- Kevin Arnold
The Wonder Years
When I was in high school there was a teacher I absolutely loved; her name was Mrs. Frizzell. She was the type of teacher that every student needs to have during the transitionary period of life when their self-worth is in a precarious place, and they find themselves searching – trying to discover who they really are.
This was me.
Mrs. Frizzell was my Drama and English instructor; she was probably the teacher in high school who made the biggest impact on my life – helping to shape me into the person I am today. In fact, it wasn’t all that long ago that I was thinking about Mrs. Frizzell, and I decided that I needed to contact her. I wanted to let her know the influence she’d had on my life, and tell her how she’d helped me to come out of my proverbial shell and spread my wings while I was a student in her classes…
And yet, I hadn’t talked to her in years.
I decided that I would look her up on Facebook, after all, everyone is on Facebook, right?
After a quick search I soon realized that Mrs. Frizzell wasn’t a member this social network, which surprised me…in fact, I thought that this was rather odd - after all, I’d found countless other people from the yesteryear of my life on this virtual social forum; why wasn’t Mrs. Frizzell there?

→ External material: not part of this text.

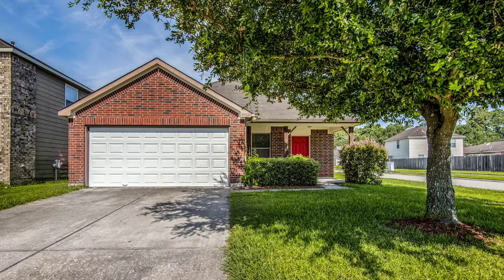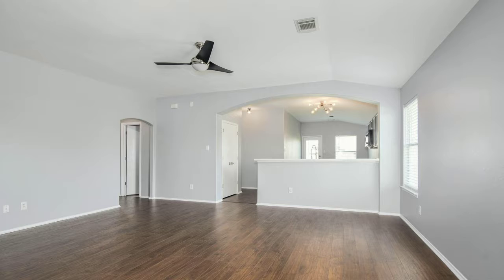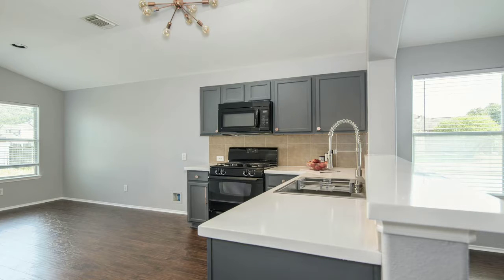Hey Houston, check out this beautiful three-bedroom, two-bathroom home in Woodland Pine Subdivision. Freshly painted interior, new floors throughout, no carpet, beautiful Corian countertops on a corner lot with a big backyard.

I started to do a few online searches, but nothing was returned in the line of hits. I tried various keywords using alternative forms of her name and finally scored paydirt on a yahoo forum posted by my old Driver’s ED teacher, who said that Mrs. Frizzell’s funeral had been held in November of last year.
My jaw dropped.
My heart constricted in my chest.
Mrs. Frizzell, my teacher…dead? It just wasn’t possible. Mrs. Frizzell couldn’t be dead. Dead were the flies left in sunny afternoon windowsills. Dead were the animals on long stretches of desert highway. Dead was the grass after a long, icy winter. Dead couldn’t be the teacher with the bubbly laugh and the spring in her step who’d walked the halls of my high school all the years I’d been there.
It just wasn’t possible.
I sat, staring at those cold, steely words on the computer screen before me, trying in some way to make sense of them. They weren’t real. They couldn’t be real.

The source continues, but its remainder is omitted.